Bagaimana dengan wabah pes? Kita pikir kita tertekan dan ketakutan di masa kini, tapi dapatkah Anda membayangkan hidup di masa itu? Jadi, saya rasa kita tidak bisa bilang yang istimewa dari kita adalah bahwa hidup kita ini begitu sibuk dan penuh tekanan. Warna tekanan dan kesibukannya mungkin berbeda, dari segi kegiatan yang kita lakukan. Tapi soal tekanan, kekhawatiran, tak punya waktu? Ini sudah terjadi di sepanjang masa, di manapun juga.

Lalu Anda bisa bilang bahwa masyarakat dan budaya kita tidak sejalan dengan semua, atau sebagian besar, gagasan mendasar yang ada di ajaran Buddha. Jadi, ajaran Buddha benar-benar asing bagi budaya kita. Tapi kita bisa lihat penyebaran ajaran Buddha ke Tiongkok sebagai contohnya, karena rakyat Tiongkok tidak percaya dengan kelahiran kembali. Mereka beranggapan bahwa orang mati dan menjadi semacam arwah atau roh, dan mereka memuja arwah para leluhur ini. Itu berbeda sekali dengan kelahiran kembali, yang bilang bahwa leluhur itu tidak lagi ada. Jadi butuh waktu cukup lama bagi orang Tiongkok untuk memahami berbagai gagasan ajaran Buddha yang mendasar sifatnya ini. Ketika kita kini menghadapi tantangan yang sama, itu bukanlah hal baru.

Kesadaran akan hal ini, bahwa kita tidak "istimewa", bisa sangat bermanfaat bagi kita. Coba pikirkan para remaja atau orang yang mengalami masalah tertentu, baik itu karena orangtuanya pecandu alkohol atau apapun. Mereka sering berpikir bahwa merekalah satu-satunya orang yang didera masalah itu, dan kemudian masalah itu jadi besar sekali tampaknya bagi mereka. Jika mereka tahu bahwa ada banyak orang yang memiliki masalah yang sama, mereka tidak sendirian. Mereka tidak merasa sendirian dan masalah tersebut jadi bagian dari lingkung yang lebih luas. Kita jadi punya sudut pandang lain yang sepenuhnya berujung pada bertumbuhnya rasa welas asih bagi orang lain yang punya masalah serupa. Kita tidak terpaku pada cara pikir "aku, aku, aku" saja.

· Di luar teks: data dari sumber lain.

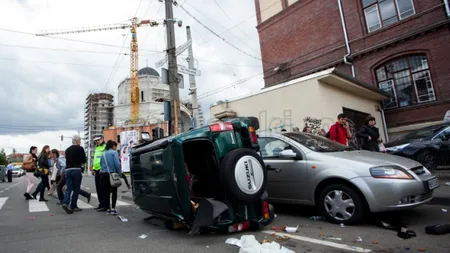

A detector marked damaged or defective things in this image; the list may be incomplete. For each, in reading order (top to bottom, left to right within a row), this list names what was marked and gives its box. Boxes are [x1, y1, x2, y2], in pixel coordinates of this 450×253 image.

overturned green suv [128, 117, 272, 234]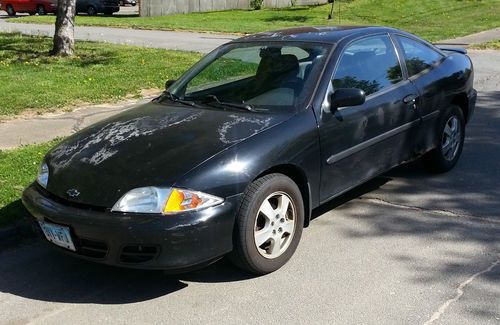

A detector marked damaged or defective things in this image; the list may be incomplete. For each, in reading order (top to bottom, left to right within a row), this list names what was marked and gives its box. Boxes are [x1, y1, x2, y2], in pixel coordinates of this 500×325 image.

dent on hood [48, 111, 201, 172]
dent on hood [218, 114, 272, 144]
road crack [360, 196, 500, 224]
road crack [422, 254, 500, 322]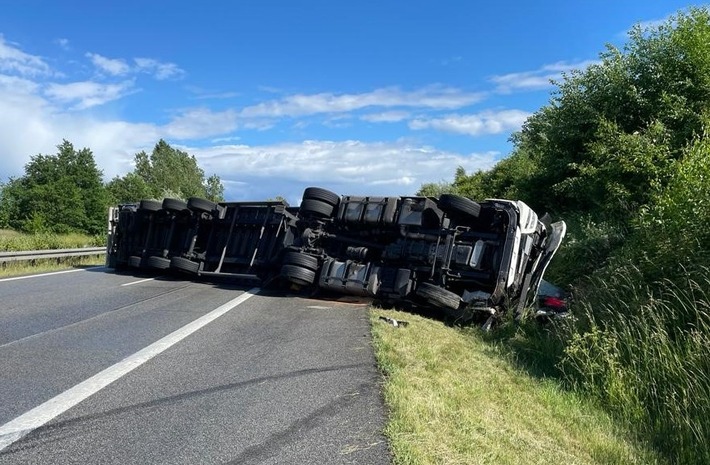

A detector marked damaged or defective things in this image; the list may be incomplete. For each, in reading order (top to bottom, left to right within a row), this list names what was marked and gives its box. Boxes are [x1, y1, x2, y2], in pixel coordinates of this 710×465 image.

Jadi, dalam hal melaksanakan laku ajaran Buddha sehari-hari, masalah setiap orang itu sama saja: Bagaimana kita menerapkan ajaran Buddha untuk membantu kita menghadapi cobaan hidup? Itu bukan masalah istimewa"ku" saja, tapi merupakan persoalan bagi semua orang yang berminat menjalankan cara-cara Buddha di dunia Barat.

Terlalu Banyak Pilihan

Akan tetapi, kita tidak bisa menyangkal adanya tantangan-tantangan khas bagi kehidupan dunia masa kini. Di masa lampau, sebagian besar orang bermasalah dengan terlalu sedikitnya makanan dan informasi. Sebelum mesin cetak ditemukan, menyalin naskah Buddha dengan tangan merupakan perbuatan yang sangat positif dan baik sekali. Anda membuat satu salinan yang langka dan berharga untuk orang lain baca dan pelajari. Bahkan pengadaan kertas dan tinta merupakan pencapaian dahsyat kala itu. Sekarang ini, kita dapat dengan mudah mengunggah sebuah naskah atau tautan di laman Facebook kita!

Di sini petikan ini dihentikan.